---------- STUDY MATERIAL ----------

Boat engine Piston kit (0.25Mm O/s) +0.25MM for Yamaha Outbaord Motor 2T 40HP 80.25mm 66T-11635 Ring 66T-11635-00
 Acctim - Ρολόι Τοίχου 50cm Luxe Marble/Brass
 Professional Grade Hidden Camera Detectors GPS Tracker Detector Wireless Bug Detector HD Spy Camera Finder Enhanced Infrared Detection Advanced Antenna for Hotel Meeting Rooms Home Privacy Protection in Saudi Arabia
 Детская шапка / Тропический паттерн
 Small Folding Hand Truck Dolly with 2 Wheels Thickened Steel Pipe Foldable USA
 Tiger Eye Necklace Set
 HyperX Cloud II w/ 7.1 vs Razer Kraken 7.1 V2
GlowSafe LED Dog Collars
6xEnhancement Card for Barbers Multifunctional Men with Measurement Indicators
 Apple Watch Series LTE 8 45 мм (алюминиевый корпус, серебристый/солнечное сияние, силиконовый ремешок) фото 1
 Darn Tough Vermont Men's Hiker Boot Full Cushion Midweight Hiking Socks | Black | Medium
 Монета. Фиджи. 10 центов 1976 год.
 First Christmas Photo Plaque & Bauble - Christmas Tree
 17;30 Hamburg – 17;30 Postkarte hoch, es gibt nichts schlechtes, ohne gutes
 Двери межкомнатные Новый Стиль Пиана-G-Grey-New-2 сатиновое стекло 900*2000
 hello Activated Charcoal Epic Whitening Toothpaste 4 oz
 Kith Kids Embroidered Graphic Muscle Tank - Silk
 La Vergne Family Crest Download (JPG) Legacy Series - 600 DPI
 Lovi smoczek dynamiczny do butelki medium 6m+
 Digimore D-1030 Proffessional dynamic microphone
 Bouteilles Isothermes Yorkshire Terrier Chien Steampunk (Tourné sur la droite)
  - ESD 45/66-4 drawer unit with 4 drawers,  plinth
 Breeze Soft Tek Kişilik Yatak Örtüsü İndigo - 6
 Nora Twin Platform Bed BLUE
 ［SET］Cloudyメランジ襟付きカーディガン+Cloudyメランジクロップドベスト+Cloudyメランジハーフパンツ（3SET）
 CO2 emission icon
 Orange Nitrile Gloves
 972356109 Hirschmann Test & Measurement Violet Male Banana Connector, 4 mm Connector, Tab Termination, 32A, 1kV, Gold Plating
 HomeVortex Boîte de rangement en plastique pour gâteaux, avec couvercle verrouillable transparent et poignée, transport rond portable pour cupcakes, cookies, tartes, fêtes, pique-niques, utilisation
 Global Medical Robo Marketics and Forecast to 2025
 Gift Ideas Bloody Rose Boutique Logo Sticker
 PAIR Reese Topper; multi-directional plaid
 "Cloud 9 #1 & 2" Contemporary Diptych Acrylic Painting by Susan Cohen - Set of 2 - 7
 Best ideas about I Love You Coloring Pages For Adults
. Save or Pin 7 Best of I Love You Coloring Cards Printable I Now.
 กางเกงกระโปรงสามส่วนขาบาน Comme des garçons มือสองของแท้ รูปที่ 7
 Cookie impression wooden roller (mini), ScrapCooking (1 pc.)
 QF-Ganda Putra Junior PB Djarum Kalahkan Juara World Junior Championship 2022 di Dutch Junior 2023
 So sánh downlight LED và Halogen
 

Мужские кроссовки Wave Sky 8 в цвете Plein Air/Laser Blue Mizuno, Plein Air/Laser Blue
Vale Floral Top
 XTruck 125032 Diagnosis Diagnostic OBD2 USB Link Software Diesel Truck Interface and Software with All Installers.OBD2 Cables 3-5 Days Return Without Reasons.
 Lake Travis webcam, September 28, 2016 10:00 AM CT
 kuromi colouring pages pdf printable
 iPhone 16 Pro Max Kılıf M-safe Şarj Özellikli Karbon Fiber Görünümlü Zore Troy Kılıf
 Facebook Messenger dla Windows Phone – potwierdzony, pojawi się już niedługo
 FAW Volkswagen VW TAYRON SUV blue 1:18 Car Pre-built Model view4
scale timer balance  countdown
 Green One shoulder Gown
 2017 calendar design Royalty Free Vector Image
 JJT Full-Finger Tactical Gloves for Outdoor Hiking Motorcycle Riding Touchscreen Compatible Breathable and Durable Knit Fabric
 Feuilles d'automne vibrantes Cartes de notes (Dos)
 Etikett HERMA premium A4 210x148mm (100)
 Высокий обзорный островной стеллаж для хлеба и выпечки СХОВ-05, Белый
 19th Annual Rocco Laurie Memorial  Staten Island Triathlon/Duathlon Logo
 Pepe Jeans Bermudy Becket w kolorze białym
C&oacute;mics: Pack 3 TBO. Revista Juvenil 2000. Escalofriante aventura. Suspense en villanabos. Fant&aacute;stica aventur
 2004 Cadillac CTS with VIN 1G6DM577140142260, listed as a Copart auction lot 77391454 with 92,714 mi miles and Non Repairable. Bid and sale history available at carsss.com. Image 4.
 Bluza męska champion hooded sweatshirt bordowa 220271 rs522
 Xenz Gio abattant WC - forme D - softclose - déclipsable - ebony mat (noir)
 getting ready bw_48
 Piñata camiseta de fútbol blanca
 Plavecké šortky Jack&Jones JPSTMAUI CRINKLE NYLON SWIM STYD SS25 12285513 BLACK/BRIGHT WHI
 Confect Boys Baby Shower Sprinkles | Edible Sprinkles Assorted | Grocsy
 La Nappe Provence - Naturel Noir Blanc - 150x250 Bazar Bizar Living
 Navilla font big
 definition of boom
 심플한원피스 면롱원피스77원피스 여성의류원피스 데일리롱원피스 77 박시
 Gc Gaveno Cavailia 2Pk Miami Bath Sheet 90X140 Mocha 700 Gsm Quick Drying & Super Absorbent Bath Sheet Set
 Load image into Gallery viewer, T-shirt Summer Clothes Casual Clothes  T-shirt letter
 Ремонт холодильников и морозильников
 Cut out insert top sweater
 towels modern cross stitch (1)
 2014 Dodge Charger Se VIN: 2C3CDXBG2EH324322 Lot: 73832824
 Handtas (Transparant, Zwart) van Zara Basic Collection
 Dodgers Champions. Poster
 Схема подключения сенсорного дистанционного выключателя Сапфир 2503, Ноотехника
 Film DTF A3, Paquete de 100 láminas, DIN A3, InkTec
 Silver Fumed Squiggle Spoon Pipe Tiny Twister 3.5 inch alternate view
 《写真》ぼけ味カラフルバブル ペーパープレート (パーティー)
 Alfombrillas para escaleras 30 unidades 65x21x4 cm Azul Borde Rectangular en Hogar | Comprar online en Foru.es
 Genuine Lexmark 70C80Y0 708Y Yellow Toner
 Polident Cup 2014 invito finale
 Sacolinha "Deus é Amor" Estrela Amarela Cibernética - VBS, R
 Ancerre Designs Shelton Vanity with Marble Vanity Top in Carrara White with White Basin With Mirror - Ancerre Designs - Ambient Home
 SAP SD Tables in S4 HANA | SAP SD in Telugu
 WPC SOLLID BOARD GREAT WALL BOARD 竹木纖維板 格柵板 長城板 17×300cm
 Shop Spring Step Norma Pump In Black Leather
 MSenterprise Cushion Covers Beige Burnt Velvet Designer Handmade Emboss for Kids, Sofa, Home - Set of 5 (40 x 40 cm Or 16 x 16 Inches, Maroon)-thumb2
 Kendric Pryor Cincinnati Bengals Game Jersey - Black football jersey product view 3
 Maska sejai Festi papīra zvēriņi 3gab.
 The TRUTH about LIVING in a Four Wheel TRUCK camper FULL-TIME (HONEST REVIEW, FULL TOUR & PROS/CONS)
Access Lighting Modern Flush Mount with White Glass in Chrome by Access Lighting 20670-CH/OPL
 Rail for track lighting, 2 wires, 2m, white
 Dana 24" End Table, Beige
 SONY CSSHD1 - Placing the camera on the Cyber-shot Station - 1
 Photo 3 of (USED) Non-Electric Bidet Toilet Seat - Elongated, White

----------

• _HOW TO COMPLETE THIS TASK_:
Please give back, exactly as it stands above, the stretch from the line with "Cibernética - VBS, R" through the line with "WPC SOLLID BOARD", and no line outside it.

• _REPLY TO THE EXERCISE_:
 Sacolinha "Deus é Amor" Estrela Amarela Cibernética - VBS, R
 Ancerre Designs Shelton Vanity with Marble Vanity Top in Carrara White with White Basin With Mirror - Ancerre Designs - Ambient Home
 SAP SD Tables in S4 HANA | SAP SD in Telugu
 WPC SOLLID BOARD GREAT WALL BOARD 竹木纖維板 格柵板 長城板 17×300cm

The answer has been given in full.